◆ DESCRIPTION OF THE TASK ◆
Go over the listing below line by line, and return each one holding the string "Black".

━━━━

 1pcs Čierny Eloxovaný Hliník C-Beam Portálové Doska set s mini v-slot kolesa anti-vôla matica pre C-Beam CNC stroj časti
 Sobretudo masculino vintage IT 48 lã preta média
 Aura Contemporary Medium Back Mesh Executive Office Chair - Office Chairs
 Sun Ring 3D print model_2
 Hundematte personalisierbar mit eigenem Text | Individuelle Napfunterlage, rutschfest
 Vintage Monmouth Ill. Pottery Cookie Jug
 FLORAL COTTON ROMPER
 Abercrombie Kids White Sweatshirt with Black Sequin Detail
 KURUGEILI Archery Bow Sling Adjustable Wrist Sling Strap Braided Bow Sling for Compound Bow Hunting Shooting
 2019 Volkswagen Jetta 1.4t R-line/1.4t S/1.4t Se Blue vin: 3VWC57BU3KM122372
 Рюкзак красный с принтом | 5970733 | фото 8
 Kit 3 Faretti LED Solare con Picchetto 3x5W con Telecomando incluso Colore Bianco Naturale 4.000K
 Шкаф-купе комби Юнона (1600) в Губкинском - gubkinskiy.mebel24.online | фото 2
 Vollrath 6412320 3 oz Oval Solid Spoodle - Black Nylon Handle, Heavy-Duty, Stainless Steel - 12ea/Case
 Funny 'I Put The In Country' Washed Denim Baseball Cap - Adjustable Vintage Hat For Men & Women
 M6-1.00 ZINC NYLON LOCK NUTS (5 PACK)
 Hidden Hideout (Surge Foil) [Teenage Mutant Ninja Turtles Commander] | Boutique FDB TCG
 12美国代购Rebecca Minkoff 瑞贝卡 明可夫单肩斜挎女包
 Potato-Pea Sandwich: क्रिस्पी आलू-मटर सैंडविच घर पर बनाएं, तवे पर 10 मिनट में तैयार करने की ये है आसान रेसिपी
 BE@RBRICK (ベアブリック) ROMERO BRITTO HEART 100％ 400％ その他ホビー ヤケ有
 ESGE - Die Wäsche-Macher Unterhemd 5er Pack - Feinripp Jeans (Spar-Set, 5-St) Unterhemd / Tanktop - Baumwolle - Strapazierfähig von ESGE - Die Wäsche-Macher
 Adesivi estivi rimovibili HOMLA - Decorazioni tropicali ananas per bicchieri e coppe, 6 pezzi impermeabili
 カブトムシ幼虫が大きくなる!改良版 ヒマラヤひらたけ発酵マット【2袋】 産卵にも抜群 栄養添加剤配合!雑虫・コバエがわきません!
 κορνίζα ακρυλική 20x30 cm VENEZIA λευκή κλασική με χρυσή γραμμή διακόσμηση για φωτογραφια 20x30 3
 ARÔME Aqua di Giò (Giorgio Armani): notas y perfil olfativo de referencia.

━━━━

◆ TASK OUTPUT ◆
 Abercrombie Kids White Sweatshirt with Black Sequin Detail
 Vollrath 6412320 3 oz Oval Solid Spoodle - Black Nylon Handle, Heavy-Duty, Stainless Steel - 12ea/Case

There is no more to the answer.